■ **Work item**
When the listing below reaches the line that has "[ крыша. сверху.", start reproducing exactly; stop after the line that has "子どもに食べさせたくない遺伝子組み換え食品", and drop the pictures.

■ **Records supplied**
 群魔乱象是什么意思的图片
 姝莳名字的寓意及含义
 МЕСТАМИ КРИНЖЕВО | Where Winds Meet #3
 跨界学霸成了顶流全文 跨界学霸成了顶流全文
---
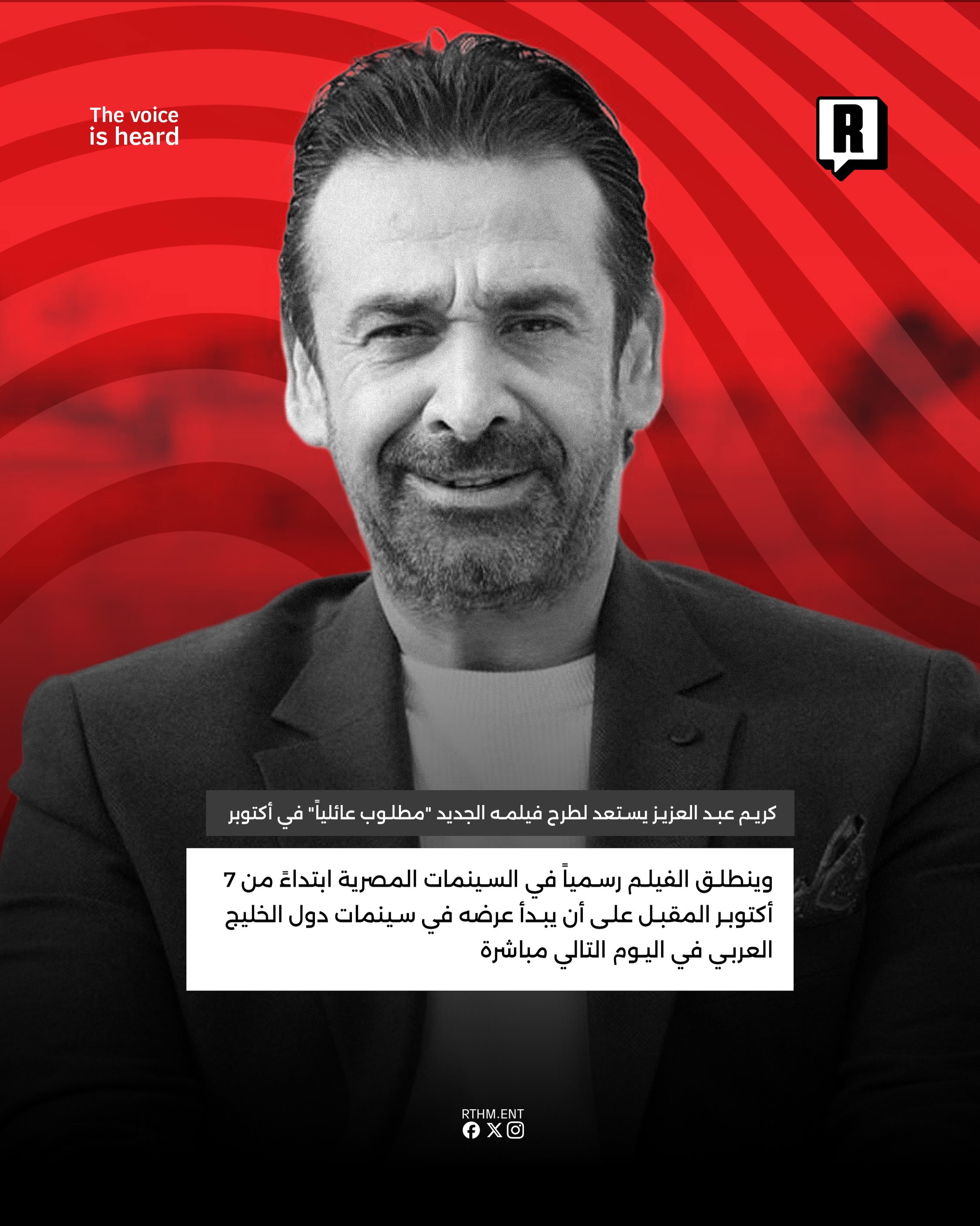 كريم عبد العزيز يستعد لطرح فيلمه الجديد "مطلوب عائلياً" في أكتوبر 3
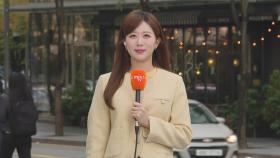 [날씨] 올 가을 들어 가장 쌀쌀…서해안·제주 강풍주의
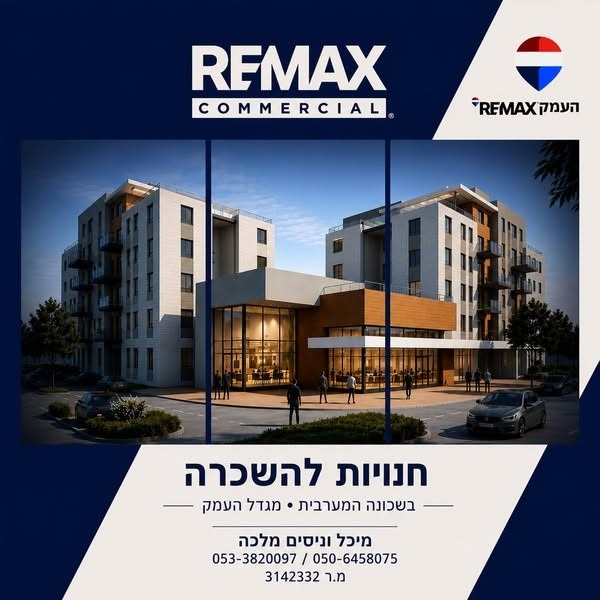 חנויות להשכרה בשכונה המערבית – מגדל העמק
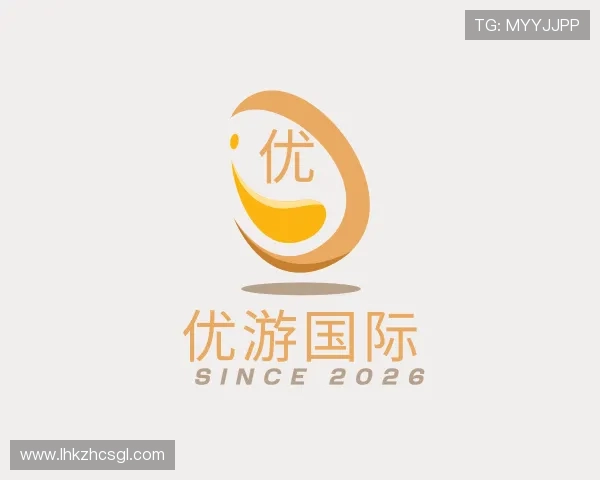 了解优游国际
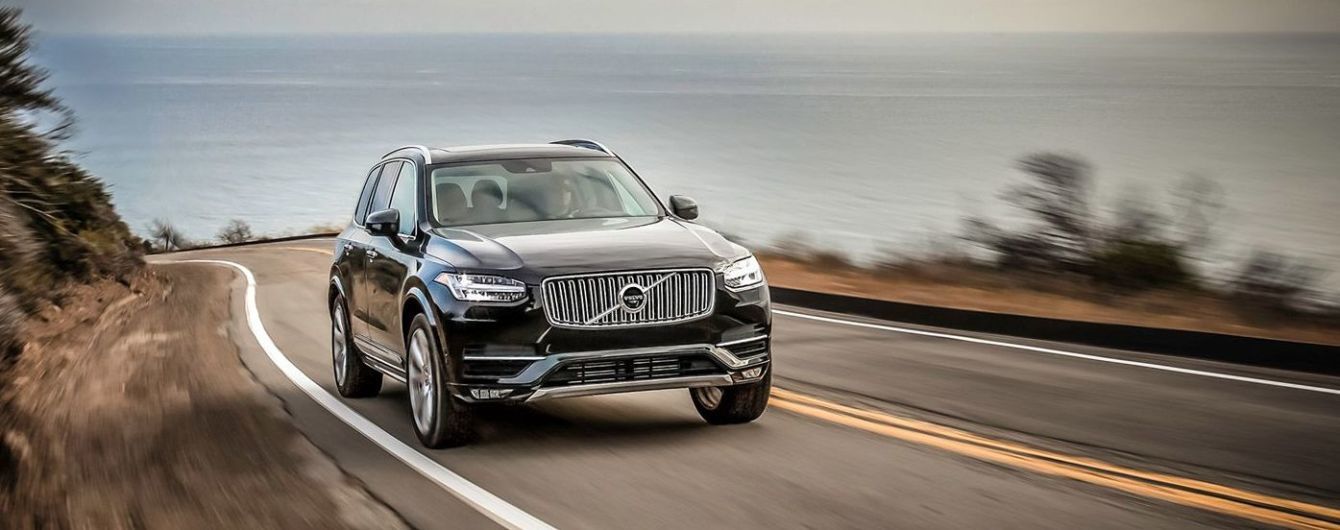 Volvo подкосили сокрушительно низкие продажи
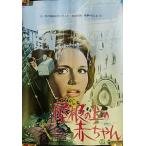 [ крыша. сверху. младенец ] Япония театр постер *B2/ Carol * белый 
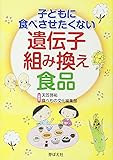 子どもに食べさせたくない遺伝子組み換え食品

■ **Exercise output**
 [ крыша. сверху. младенец ] Япония театр постер *B2/ Carol * белый 
 子どもに食べさせたくない遺伝子組み換え食品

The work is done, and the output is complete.